::: EXTRACTED DATA :::

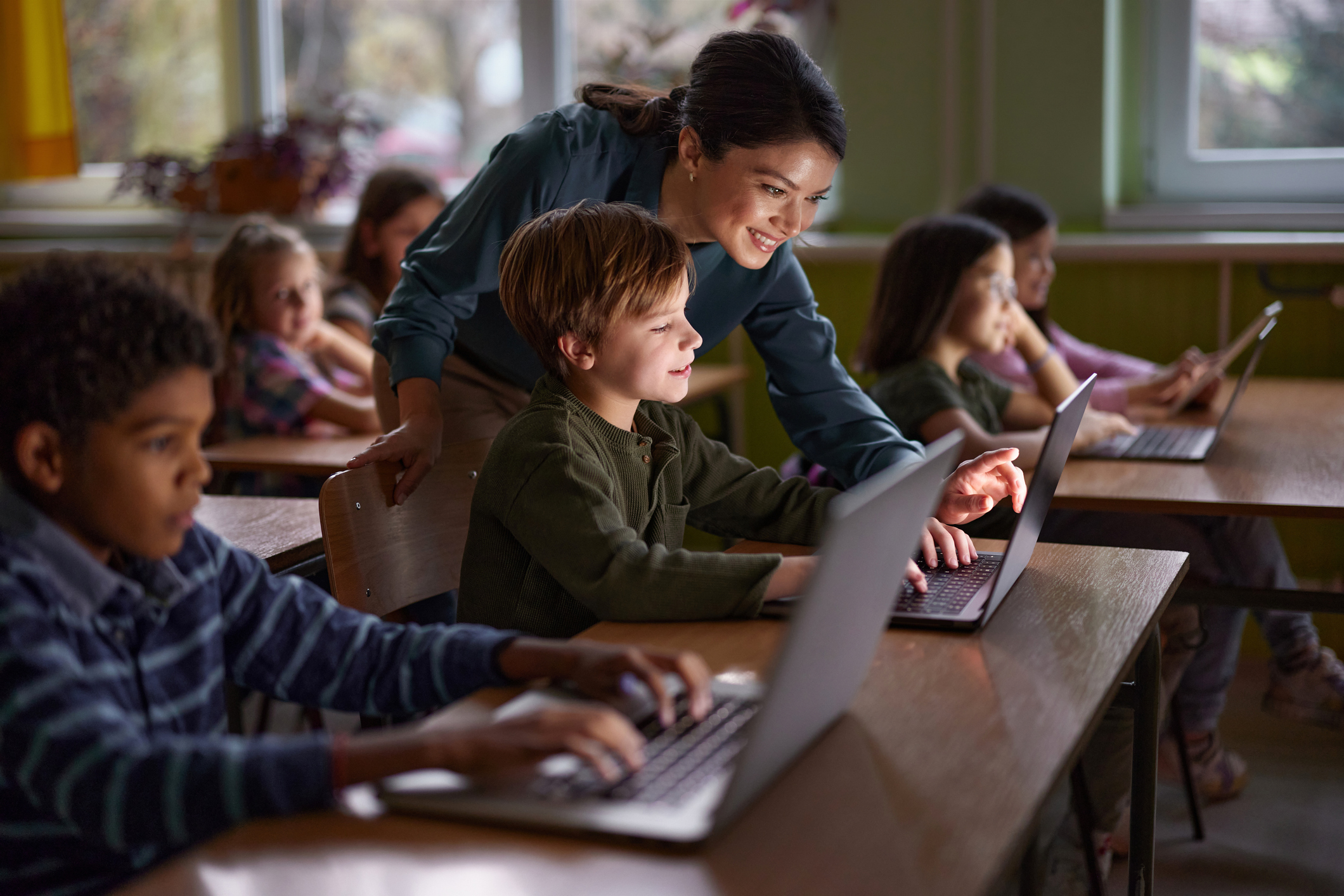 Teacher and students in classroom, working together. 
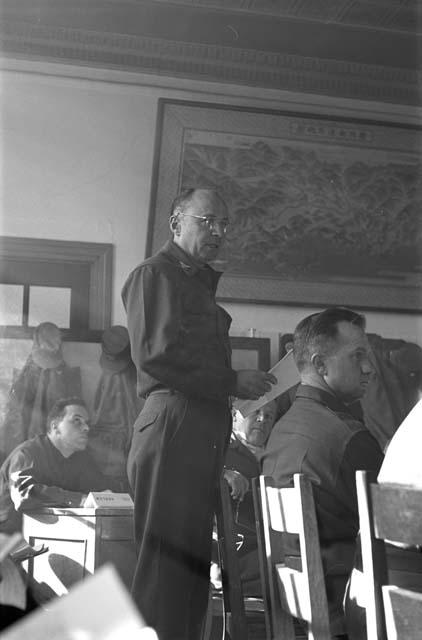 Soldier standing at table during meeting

:::
::: EXTRACTED DATA :::

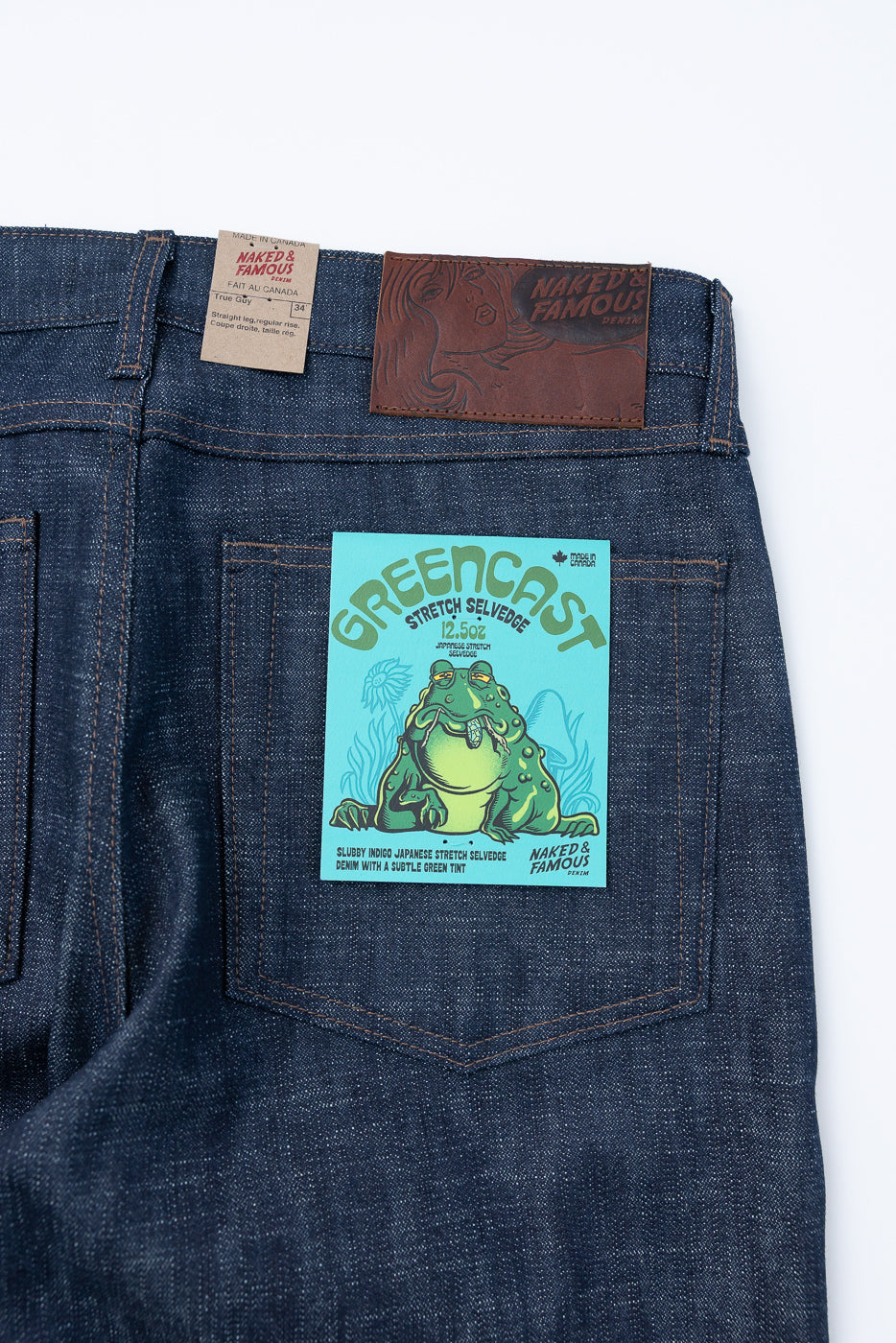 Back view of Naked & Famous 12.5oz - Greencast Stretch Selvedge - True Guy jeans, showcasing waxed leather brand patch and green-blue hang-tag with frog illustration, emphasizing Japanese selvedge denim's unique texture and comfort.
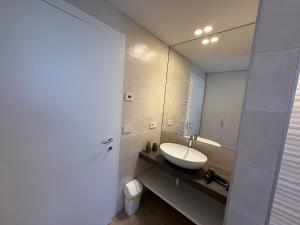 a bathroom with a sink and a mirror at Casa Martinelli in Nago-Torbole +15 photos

:::
::: EXTRACTED DATA :::

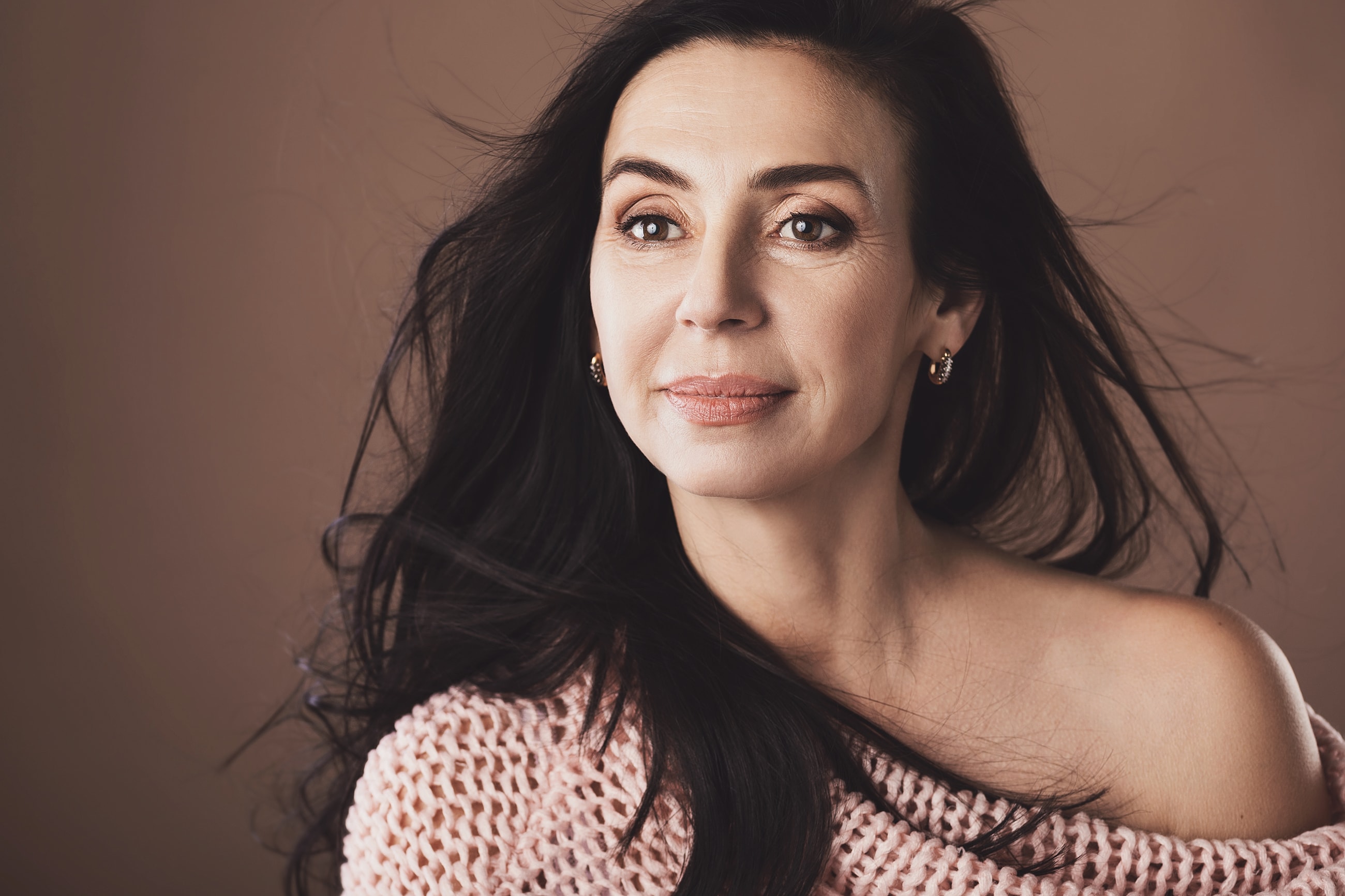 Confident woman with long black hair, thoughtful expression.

:::

• **WHAT IS REQUIRED**: Because only one stretch of the records is wanted, please output the lines from the one holding "Teacher and students" through the one holding "Soldier standing at table during meeting" exactly, both included, and leave every picture out.

• **YOUR SOLUTION**:
 Teacher and students in classroom, working together. 
 Soldier standing at table during meeting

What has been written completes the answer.